Our GPU cluster, IRON, powers our AI training & fine-tuning services.
The IRON Cluster is hosted with our strategic partner, Cogent Communications in Washington DC (1050 Connecticut Ave NW).
Understanding the Time Required to Fine-Tune AI Models in The IRON Cluster
As the dataset size used to train the AI model grows, the time required for fine-tuning also increases.
As the number of GPUs dedicated to training the AI model in a GPU cluster increases, the time required for training/fine-tuning decreases.
The time required to fine-tune an AI model depends on:
- The sample size (in millions of samples) used for fine-tuning the AI model.
- The number of GPUs in the cluster for fine-tuning the AI model.
- Other factors.
Fine-Tuning Time Equation
Fine-Tuning Time (T) = (Dataset Size * Model Complexity) / (GPU Performance Factor)
- Dataset Size is the number of examples in your training data.

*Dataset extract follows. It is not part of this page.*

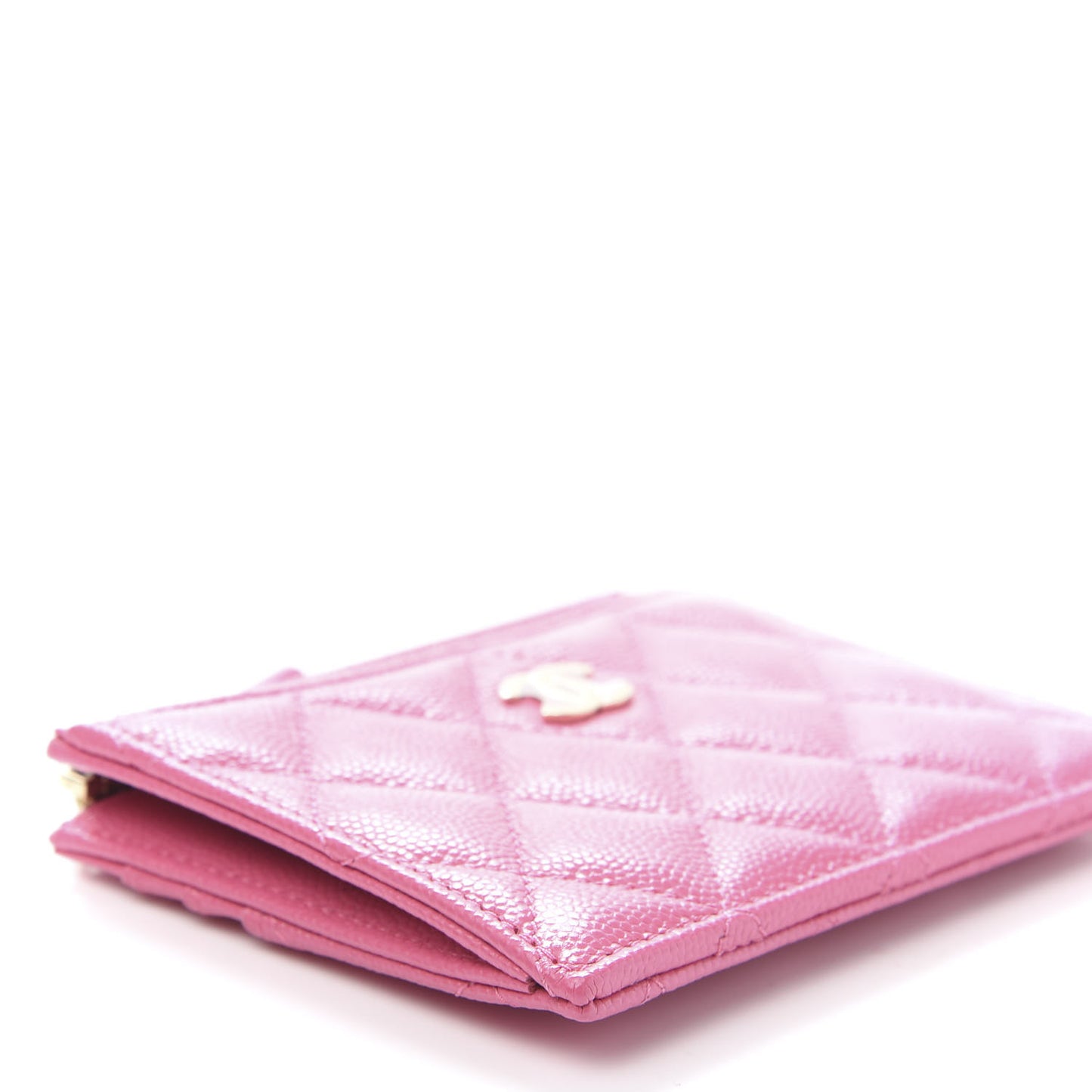 Caviar Quilted CC Zip Card Holder Pink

- Model Complexity refers to the size and structure of your neural network (e.g., number of parameters).
- GPU Performance Factor is determined by the GPU's TFLOPs, memory bandwidth, and cores.
Understanding Performance per Dollar of The IRON Cluster
When training/fine-tuning AI models, the size of the dataset has a dramatic impact on the cost and time required for training/fine-tuning.

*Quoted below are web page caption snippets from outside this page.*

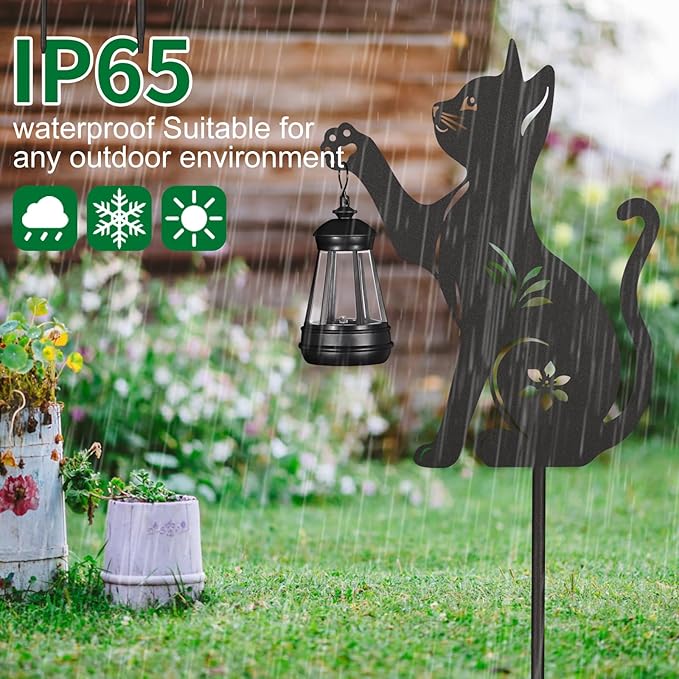 2Pack Solar Outdoor Garden Lights Stakes Solar Metal Cat Lawn Deco Statue Black Cat Patio Garden Decorative Stakes with Solar Lantern Christmas Birthday Gifts for Women Mom and Grandma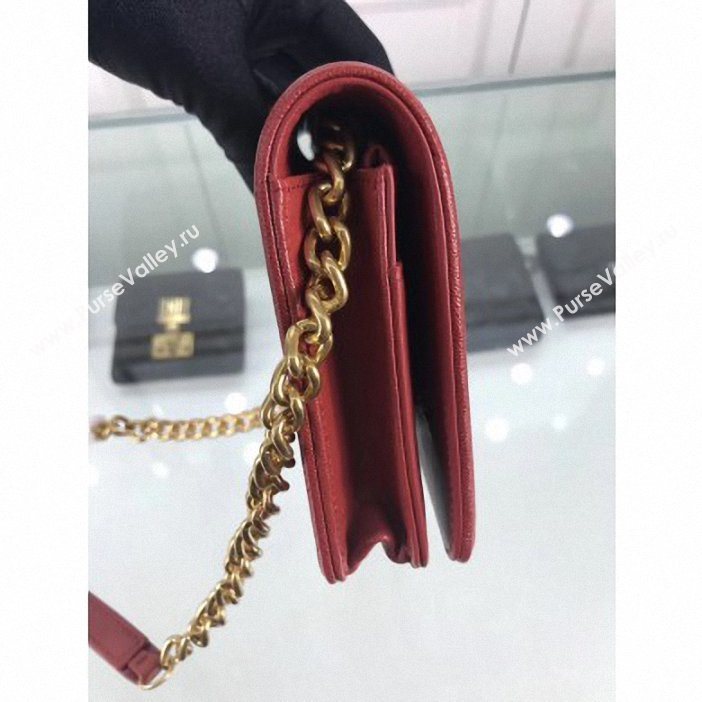 Chanel Caviar Leather Boy Wallet On Chain WOC Bag A81969 Red 2019 (hot-9062119)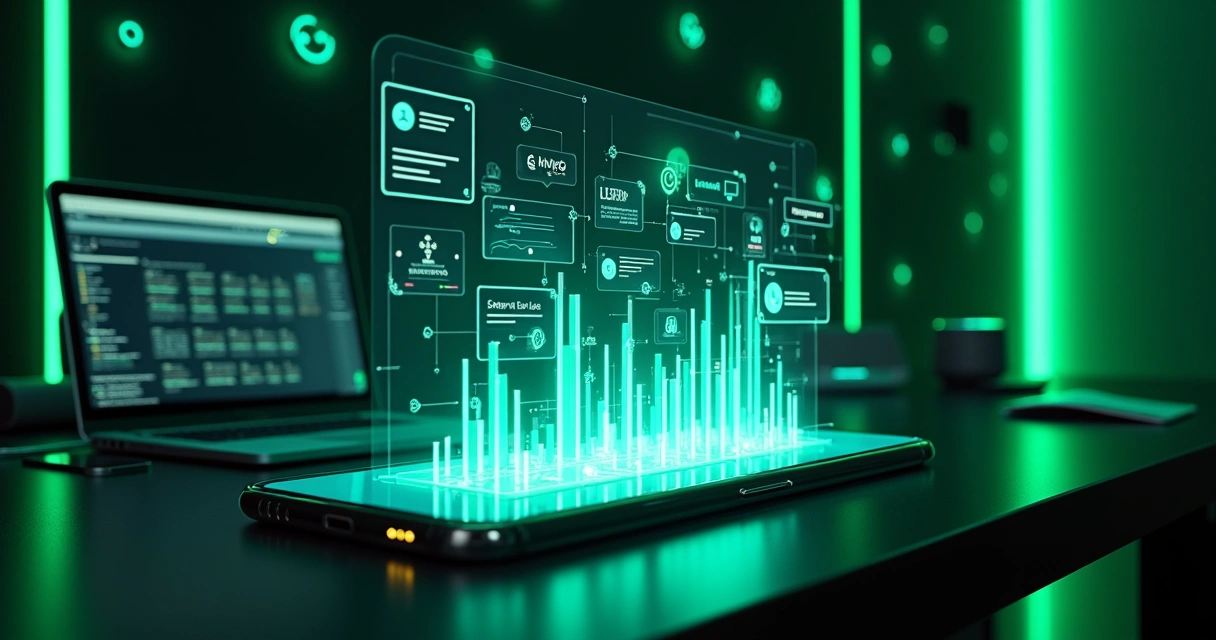 Dashboard holográfico de CRM conectado a chats de WhatsApp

For sample sizes like 1, 5, or 10 million samples, the Nvidia RTX 3090 GPU has superior performance per dollar compared to the Nvidia RTX 4090 or H100 GPUs.
In the graphs below, both the RTX 3090 GPU and the RTX 4090 GPU show superior performance per dollar against the H100 GPU for small sample sizes.

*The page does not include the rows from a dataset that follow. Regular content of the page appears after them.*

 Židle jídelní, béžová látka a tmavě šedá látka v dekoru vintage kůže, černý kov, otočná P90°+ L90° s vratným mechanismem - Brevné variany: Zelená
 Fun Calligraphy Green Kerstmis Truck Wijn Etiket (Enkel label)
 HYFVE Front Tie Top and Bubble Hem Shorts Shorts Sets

However, the Nvidia H100 GPU dominates the cheaper GPUs for larger sample sizes despite its higher cost. The IRON cluster currently comprises RTX 3090 GPUs.
Cost-Time Efficiency (CTE) refers to the balance between the cost of a GPU and the time it takes to complete a given task (such as fine-tuning a model or rendering) when considering its computational power.